Van der Knijff, muziekredacteur bij deze krant, stelde dat niemand een berijming kan maken zonder dat de geest van de tijd daarin een woordje meespreekt. „Psalmberijmen en tijdgeest zijn onlosmakelijk met elkaar verbonden. Sterker: een psalmberijming waarin de tijdgeest niet tot uitdrukking komt, is een levenloos ding.”
Hij wilde het begrip tijdgeest niet per se negatief waarderen. „De tijdgeest is de heersende opvatting in een bepaalde tijd, de algemene denkwijze, de trant van denken op een bepaald moment. Dat wil dus zeggen dat er altijd sprake is van een tijdgeest: aan het eind van de 18e eeuw, maar net zo goed in de 16e eeuw en aan het begin van de 21e eeuw.”
Hij illustreerde zijn stelling aan de hand van verschillende berijmingen: die van Datheen, de Staatsberijming van 1773, de nieuwe berijming uit 1967 en de berijming van ds. C. J. Meeuse.
Strijdgewoel
Volgens Van der Knijff is aan de ‘kleur’ van Datheen te zien dat deze berijming in het strijdgewoel van de 16e eeuw is gemaakt. „Datheens berijming is volks, voor de eenvoudige man gedacht. De psalmen worden direct toegepast op de eigen situatie van vervolging en verdrukking.” Als voorbeeld noemde hij Psalm 68:1, die rechtstreeks lijkt te gaan over de Spanjaarden, en Psalm 87:3, waar Sion gelijk wordt gesteld met de kerk. Ook moeten grove uitdrukkingen in Datheen, bijvoorbeeld over God als een dronkenman in Psalm 78, in het licht van die tijd worden gezien.

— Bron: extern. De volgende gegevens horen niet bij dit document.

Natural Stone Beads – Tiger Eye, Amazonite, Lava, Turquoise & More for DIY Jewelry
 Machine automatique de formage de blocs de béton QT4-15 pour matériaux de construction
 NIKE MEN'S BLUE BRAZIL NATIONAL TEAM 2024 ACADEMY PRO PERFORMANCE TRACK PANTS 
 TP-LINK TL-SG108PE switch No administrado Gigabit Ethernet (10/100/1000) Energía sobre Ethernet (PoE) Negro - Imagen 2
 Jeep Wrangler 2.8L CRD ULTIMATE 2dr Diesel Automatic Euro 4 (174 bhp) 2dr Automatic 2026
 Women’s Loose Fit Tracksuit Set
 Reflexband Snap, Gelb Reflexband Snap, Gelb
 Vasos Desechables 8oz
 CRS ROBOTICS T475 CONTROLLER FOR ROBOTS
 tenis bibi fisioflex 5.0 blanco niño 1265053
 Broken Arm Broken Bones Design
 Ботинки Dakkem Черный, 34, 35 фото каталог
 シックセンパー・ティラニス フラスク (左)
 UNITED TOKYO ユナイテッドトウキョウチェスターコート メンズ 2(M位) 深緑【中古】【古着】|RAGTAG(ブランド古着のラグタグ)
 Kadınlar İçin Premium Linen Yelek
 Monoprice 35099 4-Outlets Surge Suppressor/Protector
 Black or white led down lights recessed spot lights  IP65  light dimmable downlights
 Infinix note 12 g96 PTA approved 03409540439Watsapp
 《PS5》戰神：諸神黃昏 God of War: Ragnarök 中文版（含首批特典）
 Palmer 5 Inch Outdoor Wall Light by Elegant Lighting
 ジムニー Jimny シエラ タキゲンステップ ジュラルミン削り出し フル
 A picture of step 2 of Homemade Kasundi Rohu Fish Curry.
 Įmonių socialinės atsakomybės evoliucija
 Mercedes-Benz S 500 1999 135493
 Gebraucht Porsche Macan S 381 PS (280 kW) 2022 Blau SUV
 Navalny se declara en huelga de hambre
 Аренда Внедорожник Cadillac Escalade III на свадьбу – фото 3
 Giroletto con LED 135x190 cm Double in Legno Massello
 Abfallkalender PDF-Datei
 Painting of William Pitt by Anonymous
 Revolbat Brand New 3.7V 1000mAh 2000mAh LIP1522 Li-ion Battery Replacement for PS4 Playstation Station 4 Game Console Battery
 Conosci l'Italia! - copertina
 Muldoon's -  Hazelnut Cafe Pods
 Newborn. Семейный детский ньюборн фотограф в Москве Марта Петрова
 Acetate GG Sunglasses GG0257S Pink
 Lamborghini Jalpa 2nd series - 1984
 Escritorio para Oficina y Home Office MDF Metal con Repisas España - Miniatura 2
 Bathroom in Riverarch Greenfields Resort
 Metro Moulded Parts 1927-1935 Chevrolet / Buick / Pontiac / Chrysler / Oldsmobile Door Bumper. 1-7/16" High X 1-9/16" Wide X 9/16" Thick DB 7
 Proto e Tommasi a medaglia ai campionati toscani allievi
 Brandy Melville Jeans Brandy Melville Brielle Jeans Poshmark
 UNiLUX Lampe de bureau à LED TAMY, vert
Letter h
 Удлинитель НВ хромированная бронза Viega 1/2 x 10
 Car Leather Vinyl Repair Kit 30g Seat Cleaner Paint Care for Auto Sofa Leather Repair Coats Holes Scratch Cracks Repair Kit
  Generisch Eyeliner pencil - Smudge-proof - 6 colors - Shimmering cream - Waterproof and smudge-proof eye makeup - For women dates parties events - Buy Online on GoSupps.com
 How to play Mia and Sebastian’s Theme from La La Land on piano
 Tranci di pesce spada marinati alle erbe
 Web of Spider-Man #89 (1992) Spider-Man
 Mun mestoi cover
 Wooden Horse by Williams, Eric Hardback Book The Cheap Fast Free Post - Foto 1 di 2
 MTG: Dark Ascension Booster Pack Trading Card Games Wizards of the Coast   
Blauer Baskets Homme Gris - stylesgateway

In de berijming van 1773 is volgens de inleider duidelijk te zien dat de taal van de psalmen moest worden aangepast aan de geest van rationalisme en brave burgerlijkheid. Hij zag die tijdgeest niet alleen in woorden zoals ”Opperheer”, ”deugd” en ”Volzalig Wezen”, maar ook in het feit dat de rauwe taal soms wordt gepolijst. „God is in Psalm 78 geen dronkenman meer; de wijn is zelfs helemaal weg. De Leviathan uit Psalm 74, een mythisch zeemonster waar men niet zo veel mee kon, wordt geïnterpreteerd als de farao. En in Psalm 139 worden de nieren en de buik netjes weggelaten.”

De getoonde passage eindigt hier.